There are some nice anchorages in Swans Island (Buckle, Mackerel) on the North side if you want to spend a night on the boat in an anchorage. Also Frenchboro on Long Island has some nice hiking trails.


----------



## TomMaine (Dec 21, 2010)

DFletcher2 said:


> I am cruising the Maine Coast the week of 23JUL2015 aboard a Hinckley SW59 and thought that I would sat hello at the Hinckley Yard. My first time into Maine waters. What other Maine ports are your favorites and why? We will be aboard at night, most likely. I have a draft of 6.5 ft. with the centerboard up and a beam of 15.5 ft. Moorings or anchorages are fine as I have a tender but tight slips I will stay away from usually. We would like to add two other Maine ports of call to our cruise besides Southwest Harbor.
> Thanks for your thoughts on this.


Living here, I'm admittedly biased, but with just a week in the area, I would recommend you not go far from Southwest Harbor. In the immediate area, Northeast Harbor and at least some of Somes Sound should not be missed.

Think of this sailing area as a coastline that is hundreds of miles long - all contained within a 30 nautical mile sphere.
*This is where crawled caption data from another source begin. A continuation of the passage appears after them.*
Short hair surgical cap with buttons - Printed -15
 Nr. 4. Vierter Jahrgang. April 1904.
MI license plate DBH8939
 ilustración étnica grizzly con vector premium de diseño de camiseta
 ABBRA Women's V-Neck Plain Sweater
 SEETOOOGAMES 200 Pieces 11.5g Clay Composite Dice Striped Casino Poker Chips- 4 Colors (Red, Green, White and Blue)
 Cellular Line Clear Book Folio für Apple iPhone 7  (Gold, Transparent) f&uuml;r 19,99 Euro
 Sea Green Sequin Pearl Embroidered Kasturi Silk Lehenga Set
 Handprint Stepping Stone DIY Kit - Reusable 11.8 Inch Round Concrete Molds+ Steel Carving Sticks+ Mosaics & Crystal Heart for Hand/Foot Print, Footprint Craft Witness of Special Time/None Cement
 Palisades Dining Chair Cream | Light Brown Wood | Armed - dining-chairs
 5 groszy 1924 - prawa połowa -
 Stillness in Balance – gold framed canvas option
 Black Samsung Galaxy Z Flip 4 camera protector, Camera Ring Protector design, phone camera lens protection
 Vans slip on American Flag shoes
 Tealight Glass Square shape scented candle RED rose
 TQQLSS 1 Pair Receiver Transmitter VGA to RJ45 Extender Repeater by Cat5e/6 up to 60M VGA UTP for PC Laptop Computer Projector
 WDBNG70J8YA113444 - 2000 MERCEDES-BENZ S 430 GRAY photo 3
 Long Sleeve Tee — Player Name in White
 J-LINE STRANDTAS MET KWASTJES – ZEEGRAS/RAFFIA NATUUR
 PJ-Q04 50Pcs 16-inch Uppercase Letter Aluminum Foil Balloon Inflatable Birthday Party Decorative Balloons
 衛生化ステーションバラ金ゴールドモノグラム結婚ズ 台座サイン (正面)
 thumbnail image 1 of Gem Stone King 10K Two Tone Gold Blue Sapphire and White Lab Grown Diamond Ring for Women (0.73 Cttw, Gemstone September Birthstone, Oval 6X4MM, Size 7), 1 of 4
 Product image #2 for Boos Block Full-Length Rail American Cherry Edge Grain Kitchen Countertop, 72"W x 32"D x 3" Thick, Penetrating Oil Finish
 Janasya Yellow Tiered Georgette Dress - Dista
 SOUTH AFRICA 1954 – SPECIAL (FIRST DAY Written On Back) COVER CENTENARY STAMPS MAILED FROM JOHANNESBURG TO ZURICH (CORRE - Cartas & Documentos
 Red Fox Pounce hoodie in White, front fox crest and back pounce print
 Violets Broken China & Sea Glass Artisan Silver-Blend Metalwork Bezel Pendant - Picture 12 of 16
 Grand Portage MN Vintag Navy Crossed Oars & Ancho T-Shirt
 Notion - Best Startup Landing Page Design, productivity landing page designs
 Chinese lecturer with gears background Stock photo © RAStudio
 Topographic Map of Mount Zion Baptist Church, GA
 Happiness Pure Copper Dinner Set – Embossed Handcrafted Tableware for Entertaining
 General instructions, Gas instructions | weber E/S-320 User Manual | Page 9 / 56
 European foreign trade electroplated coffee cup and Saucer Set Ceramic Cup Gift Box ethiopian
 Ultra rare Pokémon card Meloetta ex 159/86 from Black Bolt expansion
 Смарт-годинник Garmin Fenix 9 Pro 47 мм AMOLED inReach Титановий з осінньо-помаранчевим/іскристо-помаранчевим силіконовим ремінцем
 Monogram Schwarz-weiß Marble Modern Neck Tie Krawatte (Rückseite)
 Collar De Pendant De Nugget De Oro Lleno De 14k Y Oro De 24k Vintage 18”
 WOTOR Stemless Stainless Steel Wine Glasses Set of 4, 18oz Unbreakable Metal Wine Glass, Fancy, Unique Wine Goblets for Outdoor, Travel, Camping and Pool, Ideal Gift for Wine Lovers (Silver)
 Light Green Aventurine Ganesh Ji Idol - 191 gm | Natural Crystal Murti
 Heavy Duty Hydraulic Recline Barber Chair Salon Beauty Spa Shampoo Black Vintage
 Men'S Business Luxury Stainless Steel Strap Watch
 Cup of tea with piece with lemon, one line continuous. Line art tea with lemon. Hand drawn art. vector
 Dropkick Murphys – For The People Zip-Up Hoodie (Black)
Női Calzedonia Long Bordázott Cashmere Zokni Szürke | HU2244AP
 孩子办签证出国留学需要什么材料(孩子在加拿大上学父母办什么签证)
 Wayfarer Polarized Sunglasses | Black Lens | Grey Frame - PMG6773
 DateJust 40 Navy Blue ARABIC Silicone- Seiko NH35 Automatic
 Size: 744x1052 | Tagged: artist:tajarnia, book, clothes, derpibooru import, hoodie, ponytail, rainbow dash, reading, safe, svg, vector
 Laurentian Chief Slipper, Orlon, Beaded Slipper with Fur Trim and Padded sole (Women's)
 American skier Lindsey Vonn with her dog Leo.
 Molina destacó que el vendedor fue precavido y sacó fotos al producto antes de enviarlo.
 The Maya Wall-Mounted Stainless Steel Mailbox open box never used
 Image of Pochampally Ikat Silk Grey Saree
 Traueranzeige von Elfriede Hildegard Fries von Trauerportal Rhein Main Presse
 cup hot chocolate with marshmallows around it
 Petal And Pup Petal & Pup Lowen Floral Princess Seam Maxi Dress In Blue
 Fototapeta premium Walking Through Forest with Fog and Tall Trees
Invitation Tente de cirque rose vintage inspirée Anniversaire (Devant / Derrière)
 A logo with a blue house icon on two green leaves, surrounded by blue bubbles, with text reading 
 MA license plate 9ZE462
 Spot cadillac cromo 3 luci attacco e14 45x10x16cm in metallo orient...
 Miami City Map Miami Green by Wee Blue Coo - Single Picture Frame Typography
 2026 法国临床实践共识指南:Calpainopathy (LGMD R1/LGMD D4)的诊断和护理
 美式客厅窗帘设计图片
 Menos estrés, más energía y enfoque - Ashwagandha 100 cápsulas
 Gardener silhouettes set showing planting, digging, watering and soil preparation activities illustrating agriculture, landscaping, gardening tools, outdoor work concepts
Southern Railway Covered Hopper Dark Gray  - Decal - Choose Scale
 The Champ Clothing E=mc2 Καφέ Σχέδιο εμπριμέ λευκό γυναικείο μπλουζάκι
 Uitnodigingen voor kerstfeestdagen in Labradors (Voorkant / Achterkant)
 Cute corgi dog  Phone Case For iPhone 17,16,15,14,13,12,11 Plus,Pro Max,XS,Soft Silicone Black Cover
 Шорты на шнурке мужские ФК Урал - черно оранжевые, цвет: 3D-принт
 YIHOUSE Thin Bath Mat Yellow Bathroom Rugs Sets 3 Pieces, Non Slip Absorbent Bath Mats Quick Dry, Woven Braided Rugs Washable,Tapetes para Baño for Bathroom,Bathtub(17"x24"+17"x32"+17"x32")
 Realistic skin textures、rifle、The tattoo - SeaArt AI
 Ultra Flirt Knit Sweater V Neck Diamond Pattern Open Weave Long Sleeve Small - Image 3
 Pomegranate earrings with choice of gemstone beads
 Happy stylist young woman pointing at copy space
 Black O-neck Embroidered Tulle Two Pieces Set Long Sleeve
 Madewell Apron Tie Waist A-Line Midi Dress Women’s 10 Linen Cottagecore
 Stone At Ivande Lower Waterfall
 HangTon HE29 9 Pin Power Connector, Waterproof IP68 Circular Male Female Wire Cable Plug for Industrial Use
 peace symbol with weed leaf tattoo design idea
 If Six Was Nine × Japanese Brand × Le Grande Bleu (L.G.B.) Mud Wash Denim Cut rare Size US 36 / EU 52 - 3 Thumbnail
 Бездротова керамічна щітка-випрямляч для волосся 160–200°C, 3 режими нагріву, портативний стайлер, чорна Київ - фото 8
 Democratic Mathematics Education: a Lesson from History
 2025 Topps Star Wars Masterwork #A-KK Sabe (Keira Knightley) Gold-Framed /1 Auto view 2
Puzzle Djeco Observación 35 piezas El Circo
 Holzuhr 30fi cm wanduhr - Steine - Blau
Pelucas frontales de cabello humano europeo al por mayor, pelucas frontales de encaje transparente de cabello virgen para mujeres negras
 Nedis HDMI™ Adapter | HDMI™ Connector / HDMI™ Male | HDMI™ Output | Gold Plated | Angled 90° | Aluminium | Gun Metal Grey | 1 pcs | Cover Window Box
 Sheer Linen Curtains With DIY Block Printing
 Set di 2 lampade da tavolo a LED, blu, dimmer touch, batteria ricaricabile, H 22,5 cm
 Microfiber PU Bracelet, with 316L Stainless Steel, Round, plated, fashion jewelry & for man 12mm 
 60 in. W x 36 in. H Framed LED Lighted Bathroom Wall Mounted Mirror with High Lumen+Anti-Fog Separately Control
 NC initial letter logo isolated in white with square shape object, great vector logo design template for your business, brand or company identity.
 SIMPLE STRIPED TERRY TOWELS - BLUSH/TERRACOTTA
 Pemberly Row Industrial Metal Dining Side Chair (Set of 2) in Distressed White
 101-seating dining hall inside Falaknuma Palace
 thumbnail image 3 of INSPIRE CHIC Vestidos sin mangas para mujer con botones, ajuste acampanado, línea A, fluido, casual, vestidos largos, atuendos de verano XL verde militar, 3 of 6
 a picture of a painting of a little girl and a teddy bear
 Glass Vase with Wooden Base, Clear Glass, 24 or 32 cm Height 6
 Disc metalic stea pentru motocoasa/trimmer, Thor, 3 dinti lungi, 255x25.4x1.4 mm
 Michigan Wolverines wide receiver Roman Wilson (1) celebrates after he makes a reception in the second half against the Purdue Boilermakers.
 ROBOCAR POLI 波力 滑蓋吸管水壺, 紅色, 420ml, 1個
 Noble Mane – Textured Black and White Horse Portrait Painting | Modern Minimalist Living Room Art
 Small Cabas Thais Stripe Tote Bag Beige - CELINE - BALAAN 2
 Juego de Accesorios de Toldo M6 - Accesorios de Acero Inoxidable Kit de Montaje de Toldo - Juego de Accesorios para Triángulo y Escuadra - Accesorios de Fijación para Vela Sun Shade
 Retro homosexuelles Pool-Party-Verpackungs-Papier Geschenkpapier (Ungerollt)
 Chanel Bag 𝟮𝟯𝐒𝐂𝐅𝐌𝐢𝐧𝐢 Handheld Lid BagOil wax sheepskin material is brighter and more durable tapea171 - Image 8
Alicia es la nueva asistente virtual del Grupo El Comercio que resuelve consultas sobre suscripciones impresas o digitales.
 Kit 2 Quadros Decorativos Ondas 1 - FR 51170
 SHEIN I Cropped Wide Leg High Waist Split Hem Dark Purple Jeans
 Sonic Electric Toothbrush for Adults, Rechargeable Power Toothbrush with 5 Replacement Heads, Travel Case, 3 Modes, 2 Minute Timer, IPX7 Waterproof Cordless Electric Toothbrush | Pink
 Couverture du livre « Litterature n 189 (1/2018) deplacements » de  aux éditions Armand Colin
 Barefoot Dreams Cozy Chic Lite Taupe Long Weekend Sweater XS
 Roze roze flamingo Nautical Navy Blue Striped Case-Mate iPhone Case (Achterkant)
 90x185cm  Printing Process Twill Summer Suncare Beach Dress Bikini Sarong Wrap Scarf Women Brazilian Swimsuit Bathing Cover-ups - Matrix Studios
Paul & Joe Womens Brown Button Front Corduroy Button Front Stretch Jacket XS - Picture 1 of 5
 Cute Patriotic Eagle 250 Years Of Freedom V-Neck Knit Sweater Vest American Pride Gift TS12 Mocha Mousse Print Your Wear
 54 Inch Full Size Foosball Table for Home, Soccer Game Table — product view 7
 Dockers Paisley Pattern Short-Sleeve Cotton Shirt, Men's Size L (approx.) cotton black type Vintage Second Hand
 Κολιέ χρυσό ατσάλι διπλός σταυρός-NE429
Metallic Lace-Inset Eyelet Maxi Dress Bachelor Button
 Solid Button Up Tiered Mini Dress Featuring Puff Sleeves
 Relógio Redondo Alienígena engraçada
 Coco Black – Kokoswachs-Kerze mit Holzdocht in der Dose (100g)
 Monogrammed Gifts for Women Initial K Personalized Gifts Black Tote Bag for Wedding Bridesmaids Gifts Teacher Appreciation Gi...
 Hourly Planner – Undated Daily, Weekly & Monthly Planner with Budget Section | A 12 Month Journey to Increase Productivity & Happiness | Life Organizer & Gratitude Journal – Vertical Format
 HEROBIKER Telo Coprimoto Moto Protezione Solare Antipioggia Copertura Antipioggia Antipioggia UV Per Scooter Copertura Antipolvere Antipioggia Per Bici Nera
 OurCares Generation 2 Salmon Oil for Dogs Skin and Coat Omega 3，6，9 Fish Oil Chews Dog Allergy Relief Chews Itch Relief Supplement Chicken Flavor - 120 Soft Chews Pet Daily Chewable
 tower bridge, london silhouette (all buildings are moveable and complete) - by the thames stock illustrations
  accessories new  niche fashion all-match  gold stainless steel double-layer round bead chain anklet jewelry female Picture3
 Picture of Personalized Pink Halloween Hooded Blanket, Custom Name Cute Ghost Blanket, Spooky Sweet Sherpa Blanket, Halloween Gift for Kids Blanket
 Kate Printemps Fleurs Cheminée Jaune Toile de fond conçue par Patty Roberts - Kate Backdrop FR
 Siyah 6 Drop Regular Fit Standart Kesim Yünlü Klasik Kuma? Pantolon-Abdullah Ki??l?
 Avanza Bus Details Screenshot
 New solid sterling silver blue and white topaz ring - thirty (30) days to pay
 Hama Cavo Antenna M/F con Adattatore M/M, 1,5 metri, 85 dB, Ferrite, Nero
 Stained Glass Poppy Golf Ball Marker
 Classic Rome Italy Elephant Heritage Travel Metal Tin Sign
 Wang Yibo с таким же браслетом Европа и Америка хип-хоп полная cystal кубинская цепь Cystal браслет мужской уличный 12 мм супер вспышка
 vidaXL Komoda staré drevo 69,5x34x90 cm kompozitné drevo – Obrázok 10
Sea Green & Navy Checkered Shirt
That sphere is the Penobscot Bay area. And you are starting on the edge of that sphere in Southwest Harbor.

Take advantage of the winds to sail and explore in nearly any direction within. I have too many favorite, ports, anchorages and sailing areas to list here.

A high point would be the middle nucleus of islands in Penobscot Bay, both large and small. Sail the thoroughfares along towns and fishing villages. Enjoy an anchorage by yourself, or visit a busy harbor, that's an easy choice inside the sphere.

All the places listed so far are terrific, I know them well. 
If you had more time, I'd recommend a bigger sphere.


----------



## DFletcher2 (Aug 1, 2014)

Thanks, Tom. Nice to hear from a local.


----------



## TomMaine (Dec 21, 2010)

DFletcher2 said:


> Thanks, Tom. Nice to hear from a local.


You're welcome. The only thing you really need to know to sail the coast of Maine: Bring to Boil- 1 1/8" inch of seawater, STEAM(goes without saying): 10 minutes per pound.


----------



## Maine Sail (Jan 6, 2003)

TomMaine said:


> You're welcome. The only thing you really need to know to sail the coast of Maine: Boil 10 minutes per pound.


Boil.....?


----------



## seaner97 (May 15, 2011)

Steam. Definitely. And getting to castine and belfast might be fun too. Three tides and Marshall wharf brewery in Belfast.


----------



## Jiminri (Aug 26, 2012)

TomMaine said:


> You're welcome. The only thing you really need to know to sail the coast of Maine: Boil 10 minutes per pound.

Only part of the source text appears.